A cold wet spring is reluctantly giving way to summer in the vegetable garden. Waiting to plant your hot weather crops like tomatoes, peppers, melons and squash does not mean a later crop and prevents them from being stunted by cold temperatures in May.   But they should all be in the ground now. Replant lettuce, carrots, beans and corn to keep the harvest going through the summer.

 

Native to the Mediterranean area, most herbs like it dry and lean. (Basil is the exception) Don't overfeed or overwater them, but do remember to cut them back regularly to use in the kitchen and to promote new growth.

* * * * *

Do you have pines that are getting too big for their allotted space or too lanky for your taste? The bright green candles (see photo) are the new growth and the source of new branches. You can keep pine trees or shrubs small and bushier by cutting the candles in half now.

 

The effects of last winter's extreme cold continues to show up on trees and shrubs. Any branch that has not leafed out is almost certainly dead. Pruning back the winter kill allows the plant to get on with the business of growing new leaves and branches that should fill in any gaps in the next year or two. Use sharp pruners (for cuts up to one-half inch and hand saws for anything larger.) Anything that cannot be cut from the ground should be left to professionals.

* * * * *

Look for garden tours sponsored by garden clubs in your area. Garden clubs are responsible for many of the civic plantings throughout Massachusetts. They use the profits from plant sales and garden tours to help pay to beautify their towns.
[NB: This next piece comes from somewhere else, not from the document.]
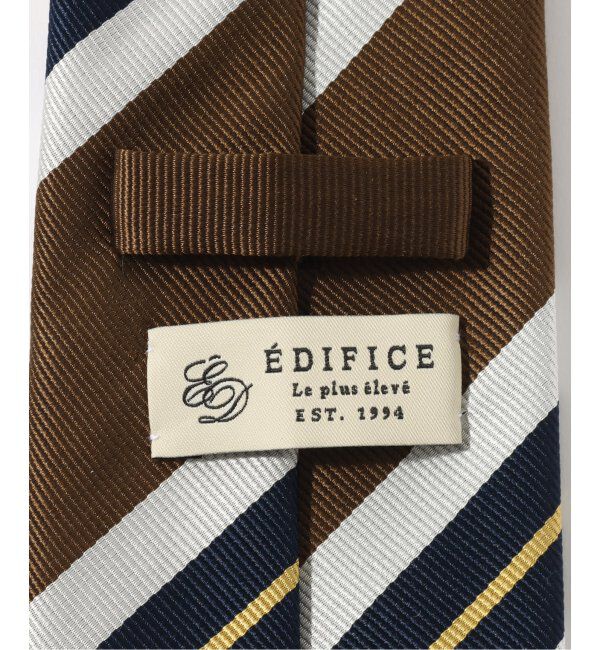 EDIFICE「PB マルチストライプ タイ」|ネクタイ・蝶ネクタイ|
You can read more of Betty's gardening advice at www.BettyOnGardening.com

 

The Mystery of the Plant Tags

By Neil Sanders
Leaflet Contributor


Every year in late May, I lay the soaker hoses for our hosta garden. There's a narrow window of time when all the hostas have emerged, but are not so large that I can't wend two hoses close enough to each hosta's roots to provide water for the inevitable summer dry spells.

 

It's a time-consuming process because the hoses are buried about an inch into the soil and mulch rather than just placed along the surface.  And, to answer the inevitable question, the hoses are taken up each fall because they'd rot after a year or two if they were left in the ground over the winter.  The hoses I buried yesterday are in their tenth season.  So, yes, it's worth a morning's labor to both make the hosta garden look great and to exercise some Yankee frugality by not having to replace $60 worth of hoses.

 

But that's not the purpose of this essay.  Rather, I write this morning to wonder why on earth the animals in the woods around our property find our plant tags so fascinating.  You see, last week I engaged in not one but two spring rituals.  The first was the burying of the soaker hoses.  The second was the annual matching of hosta plant markers with the shoots coming out of the ground.

 

Fact: No one has walked in the hosta garden since late October when our final task of the season in that part of the property was to firmly push the steel and aluminum markers into the soil next to the remnants of the plants. We were conscientious in our efforts because we have a lot of different hostas in our garden - more than a hundred named varieties. Each plant has a marker and each marker has one of those labels with the variety printed out on clear plastic tape. (I know what you're thinking: I need a hobby. Well, this is my hobby.)

 

Exactly why we go to the trouble of making labels is unclear, except that now, when we visit a nursery, we can resist buying a hosta 'Lakeside Cupcake' because we already have one. We know we have one because we made a label for one last year. Except unless we think what we have back at home is 'Lakeside Cupid's Cup' or 'Lakeside Cup Up'. Which means we may well go home with the hosta anyway because it's so darn cute.

 

Fact: Back in October, every hosta marker was in exactly the right spot. Fact: For much of this past winter, the hosta garden was under two or more feet of snow. So, please explain to me why, yesterday morning, there were dozens of plant markers lying loose in the hosta beds?


Betty says the rational explanation is that the ground freezes and thaws and pushes the markers out of the ground. I could buy that theory if the markers were adjacent to the plants to which they belong. I happen to know for a fact, though, that hosta 'Mohegan' is a giant brute of a plant that hugs the foundation of the house (and may yet push the house out of the way in order to accommodate its version of Manifest Destiny). Why, then, is the marker for hosta 'Mohegan' in among the ones for the cute little miniatures twenty feet away? And why is there a pile of five markers?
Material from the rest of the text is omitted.